Relativamente perto da basílica dos Quatro Santos Coroados fica a basílica di Santo Stefano Rotondo al Celio. Uma das primeiras igrejas cristãs de Roma, construída no século V com uma planta circular, crê-se que inspirada na capela do Santo Sepulcro em Jerusalém. As paredes desta igreja estão cheias de frescos com um vasto registo de cenas de martírio de cristãos; o próprio Santo Estêvão, que dá nome à igreja, foi o primeiro mártir cristão. Estas pinturas foram feitas no final do século XVI, numa manifestação extrema dos valores da contra reforma que evoca a resistência heróica dos católicos. Esta antologia contém 24 painéis, cada um com o nome do imperador da altura da cena retratada, começando à entrada com a crucificação de Cristo e o apedrejamento de Estêvão.

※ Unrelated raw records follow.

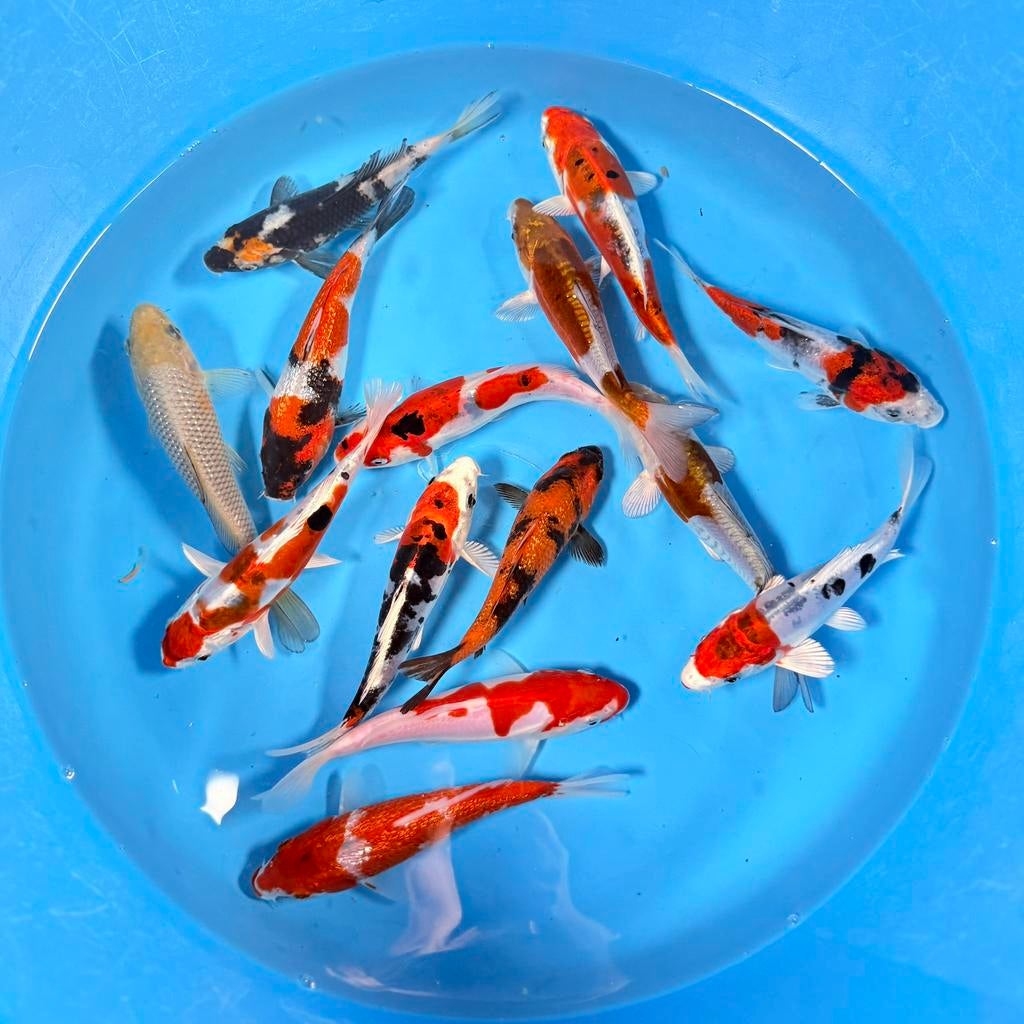 Japanse Koi Tosai Mix Kase 14-18cm, Karper of Koi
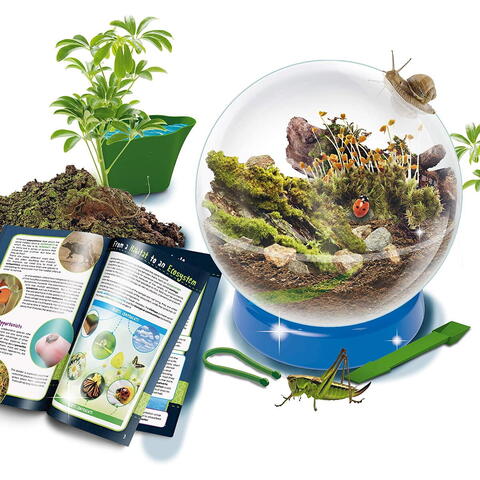 LISCIANI Experimentele micului geniu - Habitate si ecosisteme - RESIGILAT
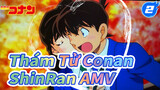 Thám tử lừng danh Conan | ShinRan | 'Sự trầm cảm' đối với bạn_2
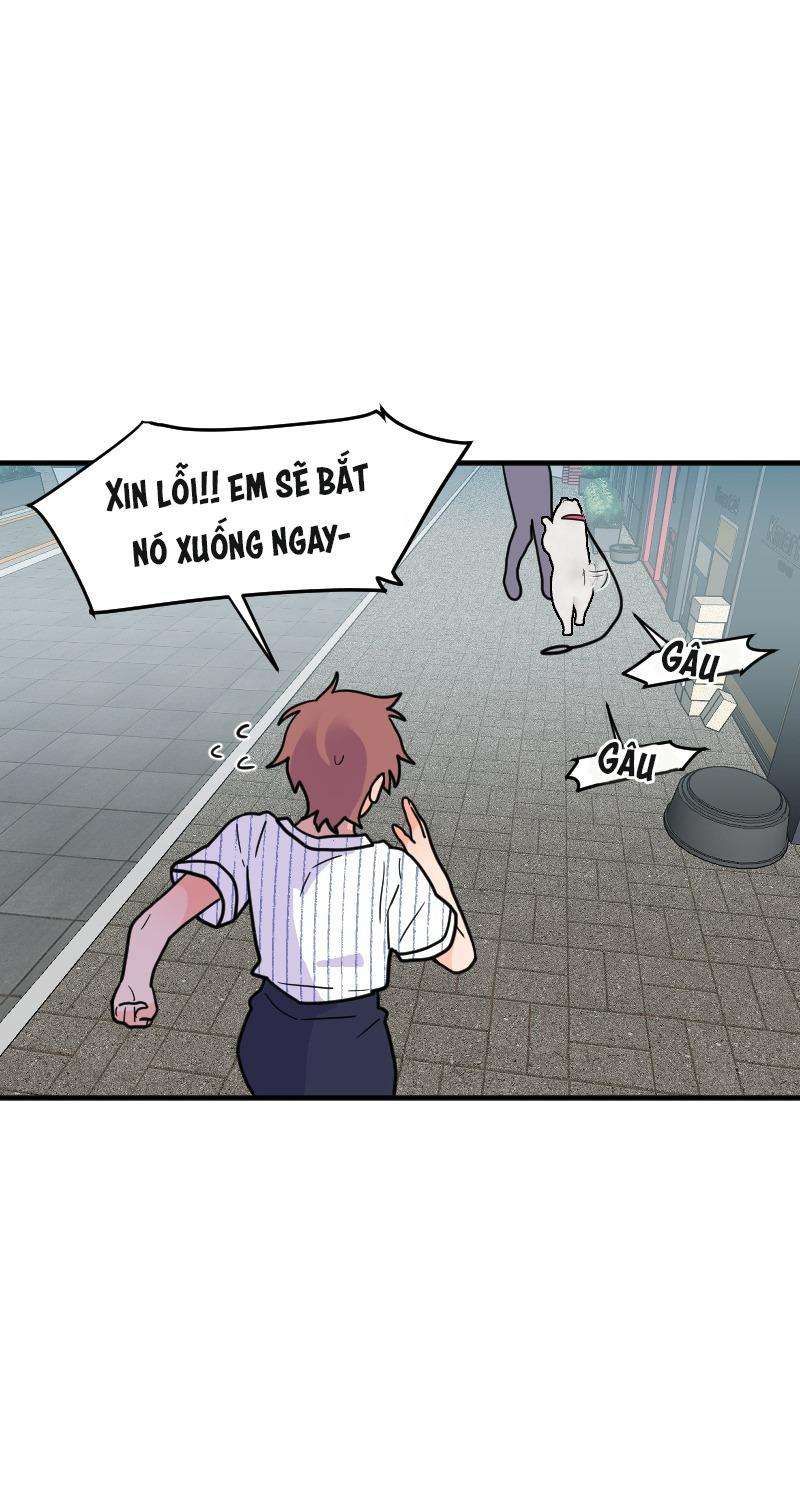 Truyện Ngôn Nhưng Không Ngôn Lắm Chapter 69 - 82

Seguimos para o Coliseu e parámos na fila da bilheteira pelas 17:45, pensando em aproveitar aquela oportunidade inesperada para visitar o Coliseu e o Forum. No entanto, passados 5 minutos anunciaram que já não era possível visitar o Coliseu mas que poderíamos comprar o bilhete e visitar o Forum pelo mesmo preço da visita conjunta ao Coliseu e ao Forum … nem um desconto que se visse. Para visitar o Coliseu, teríamos de voltar no dia seguinte que só vendem bilhetes para o próprio dia. Declinámos a oferta e seguimos ao longo do Forum em direção ao Capitólio.
O nome do Coliseu (Colosseo) tem a ver com o colosso que existia previamente naquele local: uma enorme estátua de bronze de Nero na entrada da mansão que mandou construir nesta zona.
Para as ruínas que vemos atualmente, contribuíram um relâmpago que atingiu a estrutura no século III e dois tremores de terra no século V, embora o maior impacto tenha resultado da extensa retirada de pedras para utilização noutros locais (por exemplo na escadaria da Basílica de São Pedro).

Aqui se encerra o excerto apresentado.